== Segment start ==

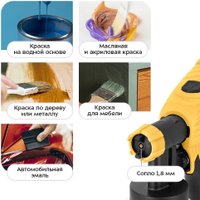 Краскораспылитель Kitfort KT-6495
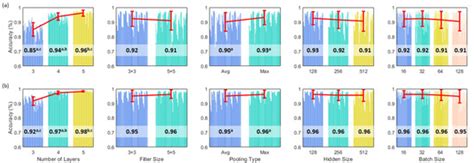 Electronics | Special Issue : Deep Learning Technology for Biomedical ...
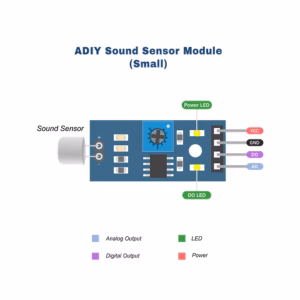 Sound Sensor Module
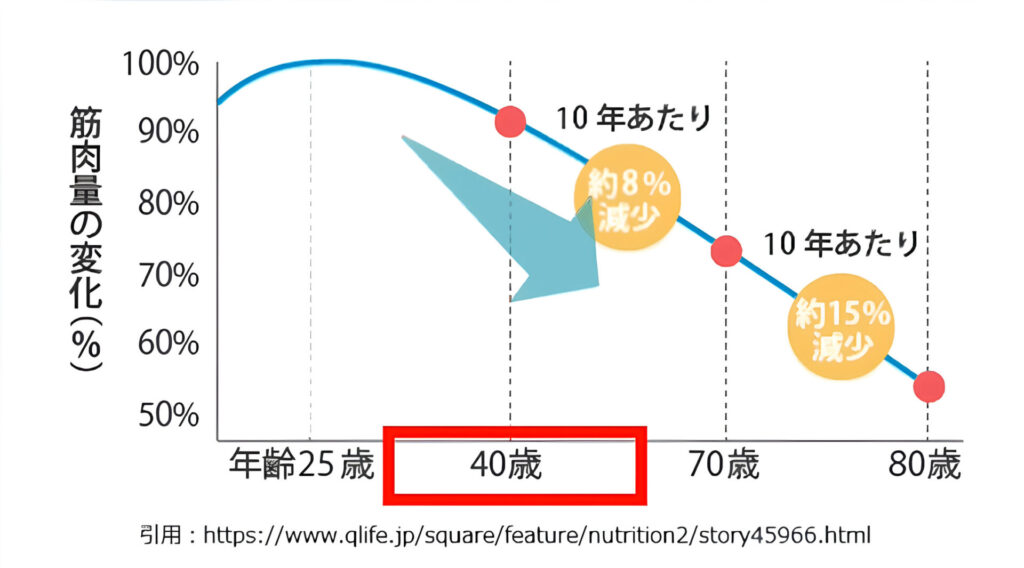 40歳を超えると10年あたり約8%の筋肉量が減少していきます。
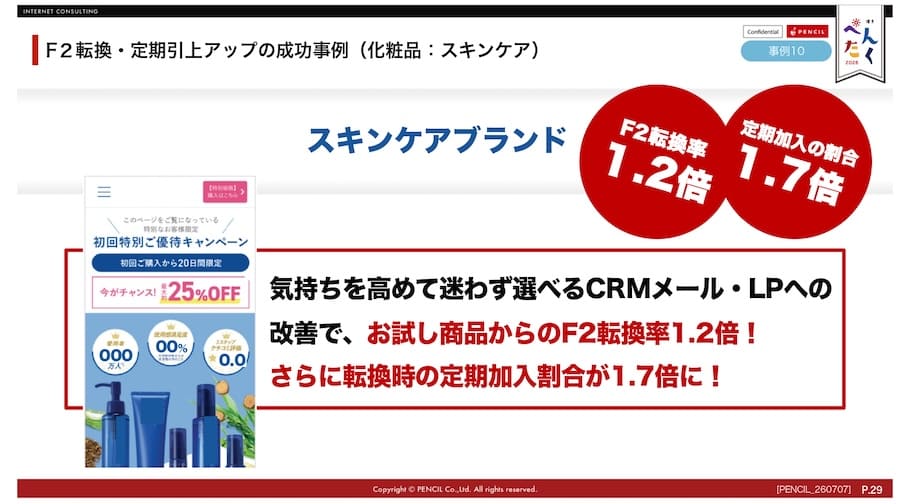 クリエイティブの見直しによる飛躍的改善事例:スキンケアブランド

== Segment end ==

Problem details: Could you retype exactly the lines running from the one with "Electronics | Special" to the end of the material above, pictures omitted?

Written answer:
 Electronics | Special Issue : Deep Learning Technology for Biomedical ...
 Sound Sensor Module
 40歳を超えると10年あたり約8%の筋肉量が減少していきます。
 クリエイティブの見直しによる飛躍的改善事例:スキンケアブランド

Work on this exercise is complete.